After a long day and several mugs of tea, the sky cleared. A bright first-quarter Moon hung in the north, but the air was crisp and dry - the sort of bone-chilling transparency that makes astronomers reach for a telescope, even while their better judgement (and frozen toes) protest.
It dropped to -9°C. The warm room stayed cold. I wondered, not for the first time, if this hobby is a mild form of madness.
Still, the Helix Nebula called to me from Aquarius. Six hundred and fifty light years away, it’s the ghost of a once-bright star, casting off its outer layers in a final act of cosmic theatre. Early astronomers, peering through their primitive lenses, thought it looked like a planet - hence the name "planetary nebula." But we now know better. The Helix is a stellar corpse, beautiful and strange, its glowing gases drifting out into the dark.

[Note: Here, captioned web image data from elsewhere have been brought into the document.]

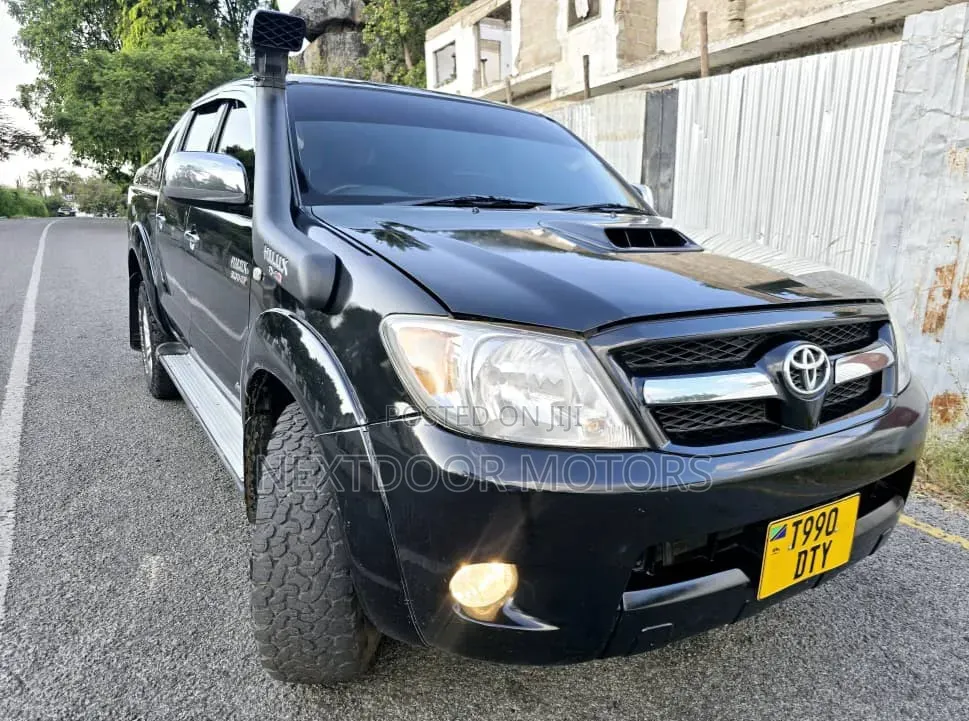 Toyota Hilux 2007 Black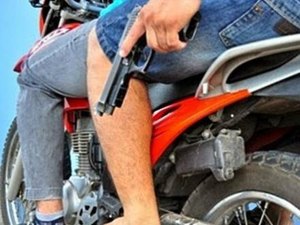 Dupla é presa com cinco celulares roubados em Rio Largo 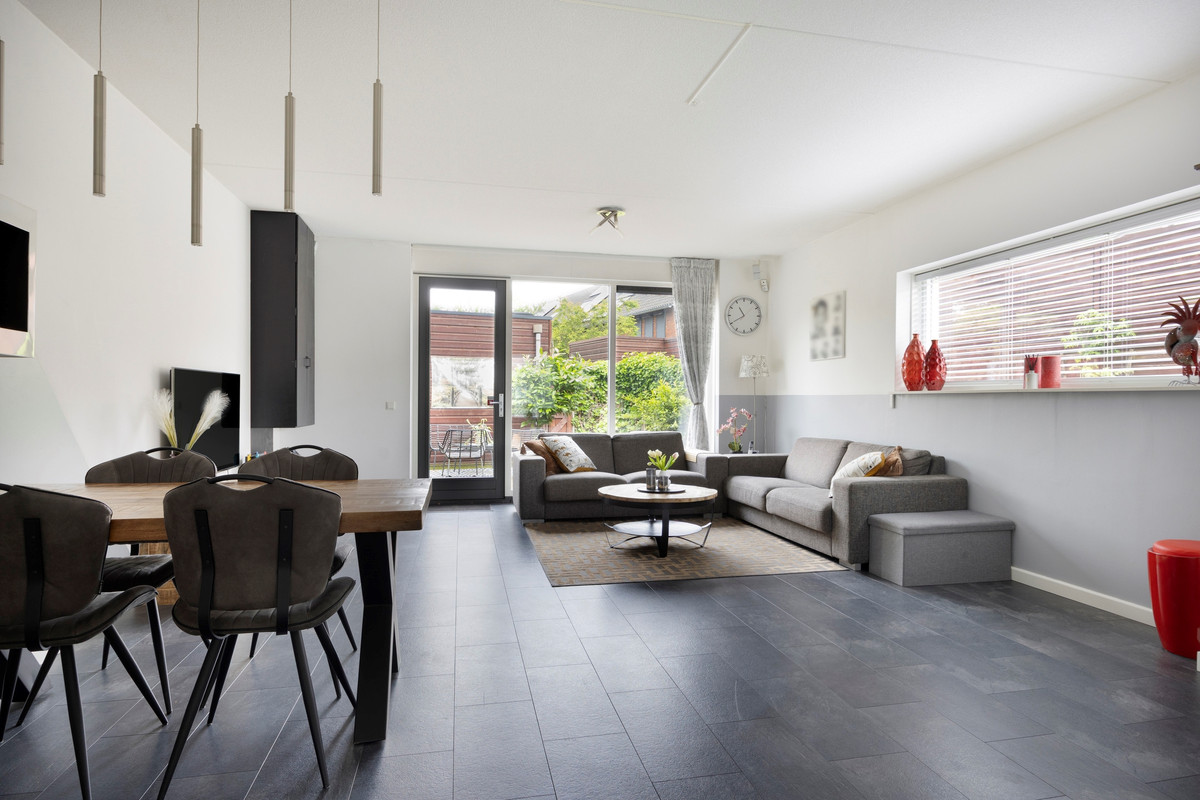 Hoekwoning te koop: Centuriostraat 2, Huissen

That night, as I stared at the Helix’s faint rings, I thought about endings. And beginnings.
Earlier in the week, I learned I was going to be a grandfather for the first time.
The thought hit me with the same quiet force as a star dying 650 years ago, its light only just reaching Earth. There’s something about astronomy that makes you consider the long view - time stretching out in all directions, life flickering into being, burning bright, then fading into something new.
As the poet Mary Oliver wrote, "Tell me, what is it you plan to do with your one wild and precious life?"
Maybe, on a cold night in Middlemarch, the answer is: observe, wonder, and paint another coat of primer in the morning.